Grade schoolers and teenagers alike have difficulty with subtraction. Sometimes these difficulties come from improper application of memorized rules, and sometimes they come from a lack of understanding of what subtraction actually means. So what makes this operation so tricky? Here are four common misconceptions that students have about subtraction:

**1) Only understanding subtraction as taking away **

When first learning subtraction, students are taught that to subtract means to take away. This association allows learners to make a tangible connection. For example, the expression 9 – 3 can be modeled by the following scenario: if you have 9 pretzels, and you take away 3 pretzels, you are left with 6 pretzels. Therefore, 9 minus 3 is 6.

This definition works fine when subtracting a smaller positive number from a larger positive number, but it may cause trouble when students run into problems such as 4 – 5 or, even worse, 0 – 10. How can you subtract something from nothing? It can be difficult for some students to comprehend that even though they can’t physically “take away” another object, they can continue counting into negative values to arrive at a solution. This confusion can be avoided by coupling the idea of subtraction as taking away with the understanding that when you subtract two numbers, you are actually finding the *difference* between those two numbers.

**2) Confusing “negative” and “minus”**

As described above, the concept of subtraction alone confuses many students. Once students begin studying algebra, they are encouraged to view subtraction as the inverse of addition. Now, the expression *a* – *b *is equivalent to *a* + (-*b*), meaning *a* plus the opposite of *b*. Upon seeing “–” in a numeric expression, a new dilemma arises for some: does the symbol mean “minus,” “negative,” or “the opposite of”?

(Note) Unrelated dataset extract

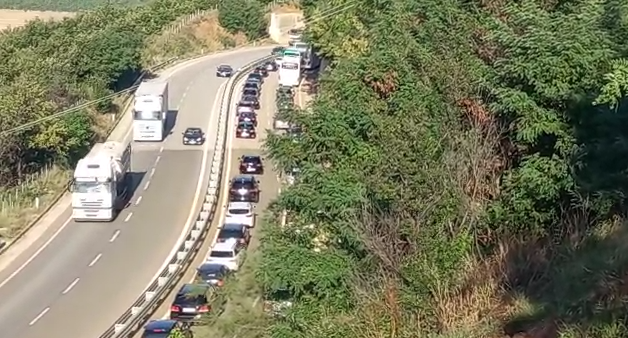 Radhë kilometrike në Morinë/ Pushuesit nga Kosova dynden drejt bregdetit shqiptar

Consider the student who finds the sum of -4 and -6 incorrectly by stating -4 + -6 = 10. This could be interpreted as an improper application of the multiplication rule where “a negative and a negative equals a positive.” They fail to see that -4 + -6 is really just -4 – 6. Which leads us to another misconception…

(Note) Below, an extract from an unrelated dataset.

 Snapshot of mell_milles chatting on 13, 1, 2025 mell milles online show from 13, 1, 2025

**3) Subtracting negative numbers **

The sign of a number indicates the direction in which to move along a number line. “+*b*” means move *b* units to the right, whereas “-*b*” means move *b* units to the left. Confusion entails when *b* itself is a negative value. Take 5 – (-3), for example. Some students start on the number line at 5 but only process the sign in front of the 3, meaning they move 3 in the negative direction, resulting in 2.

Misconceptions involving subtraction of negative numbers are perpetuated when students rely on previously learned procedures to evaluate these sorts of expressions. Middle school students are sometimes taught to address subtracting a negative value using “keep, change, change,” meaning keep the sign of the first number the same, change the minus sign to a plus sign, and change the negative number to a positive number. While this shortcut is probably introduced by educators with good intentions, it does not provide the student with the conceptual knowledge to understand why subtracting a negative number results in a positive value.

**4) Assuming subtraction is commutative**

Since 5 + 4 and 4 + 5 both equal 9, it is understandable how students may assume that 10 – 25 and 25 – 10 are equivalent expressions. However, unlike its inverse operation, subtraction is NOT commutative. This misconception presents itself in secondary mathematics as well, when students start to write algebraic expressions from words. For example, it is all too common to see “5 less than 3*x*” written as 5 – 3*x*. Students correctly interpret “less than” to indicate subtraction, but do not realize that the 5 should be subtracted *from* 3*x* to produce the expression “5 less than 3*x*” and not the other way around.

These misconceptions can be overcome by ensuring that students have a solid mathematical understanding of subtraction in the early grades, so they do not have to rely on shortcuts or memorized algorithms later on.